Secondly, Mr. Tierney makes the common mistake of confusing an anecdote with data. He offers the nice tale of a native American women (not to be confused with Native American) who loses her nail salon to the more numerous, lower cost salons run by Vietnamese immigrants. But she lands on her feet by going freelance and working for the wealthy of LA who are willing to pay to have someone who can carry on an intellegent conversation while doing their nails at home. So, despite the fact that a particular person was able to land on her feet, did the average wage in the nail salon business go up or down? Mr. Tierney doesn’t comment on this directly, but I think we are safe to infer from the rest of the story it went down. And I’ll point something out that Mr. Tierney doesn’t — the (better) job that his nail salon owner found existed before she found it; that is there were plenty of wealthy people who were willing to pay extra for in home nail care before the Vietnamese took over the salon business, its just that the salon owner was comfortable in her job and was not looking to make a change. But what about the wages of such freelance workers – have they gone up or down with the influx of American workers into that niche, displaced by the Vietnamese into the salon business? Again, Mr. Tierney is silent on this subject, but uses the anecdote to claim out that everything will be just fine for all the displaced workers because everything worked out for the particular lady he featured. What would the story have been like had this particular worker moved into the at home/freelance nail business several years ago? Would it have been quite to happy and upbeat? Or would she have been complained of declining wages due to the increased competition with her fellow natives who were moving into the business?

Well, I have no doubt that some workers will move to better jobs because they will actively seek jobs where they weren’t looking in the past. But I also have no doubt that some workers will not move to better jobs, and there will be downward pressure on the wages of those workers who remain in their jobs.

And whether you considered this a positive or negative affect might depend if you were a worker in the field, or if you were a consumer of this product or service who was seeing a decline in its price.
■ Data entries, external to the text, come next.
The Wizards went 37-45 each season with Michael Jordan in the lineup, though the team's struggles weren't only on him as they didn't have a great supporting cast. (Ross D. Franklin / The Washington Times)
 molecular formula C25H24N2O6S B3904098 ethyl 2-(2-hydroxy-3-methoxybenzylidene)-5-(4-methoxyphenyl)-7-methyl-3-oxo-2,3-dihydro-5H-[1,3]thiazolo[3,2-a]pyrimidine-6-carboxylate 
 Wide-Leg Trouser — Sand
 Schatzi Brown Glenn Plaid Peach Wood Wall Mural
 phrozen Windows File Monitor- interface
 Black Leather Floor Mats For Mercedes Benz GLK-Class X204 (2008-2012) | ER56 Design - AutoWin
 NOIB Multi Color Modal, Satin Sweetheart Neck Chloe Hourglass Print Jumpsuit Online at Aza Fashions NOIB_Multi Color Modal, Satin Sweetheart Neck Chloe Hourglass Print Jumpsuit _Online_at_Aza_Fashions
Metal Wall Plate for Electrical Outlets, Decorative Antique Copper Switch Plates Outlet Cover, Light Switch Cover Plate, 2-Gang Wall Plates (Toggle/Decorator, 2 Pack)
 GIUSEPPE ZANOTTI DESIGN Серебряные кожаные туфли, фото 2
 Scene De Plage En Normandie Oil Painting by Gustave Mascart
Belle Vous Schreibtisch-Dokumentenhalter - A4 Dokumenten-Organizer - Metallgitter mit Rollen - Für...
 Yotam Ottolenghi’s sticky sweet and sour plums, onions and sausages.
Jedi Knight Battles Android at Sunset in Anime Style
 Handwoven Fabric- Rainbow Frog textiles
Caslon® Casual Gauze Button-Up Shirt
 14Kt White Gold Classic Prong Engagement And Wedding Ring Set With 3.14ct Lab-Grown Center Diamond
And this raises an even bigger point for me — I think we are better off as a nation looking at the issue, exploring the costs and benefits, weighing the options, and then devising the laws and regulations through the political process with representative government, than we are with our current system of immigration policy by default, with inflows determined by the immigrants themselves, because they aren’t looking at the big picture, nor would I expect them to. They are looking at what it means to them.

One of the problems with illegal immigration is that not only the immigration, but so much of the life of such an immigrant takes place off the books. And as Hernado De Soto observes, this life in legal limbo is what makes so many countries poor, and will certainly hurt our own nation. So for me, whatever else the outcome of immigration reform, I just want to see the illegal, off the books part brought back into the law, back onto the books.

A great American, Stephen Decatur once said “Our country! In her intercourse with foreign nations may she always be in the right; but our country right or wrong.” I’m going to say: “Our representative goverment! May the outcome of our representative government always be in the right; but the process of representative government right or wrong.”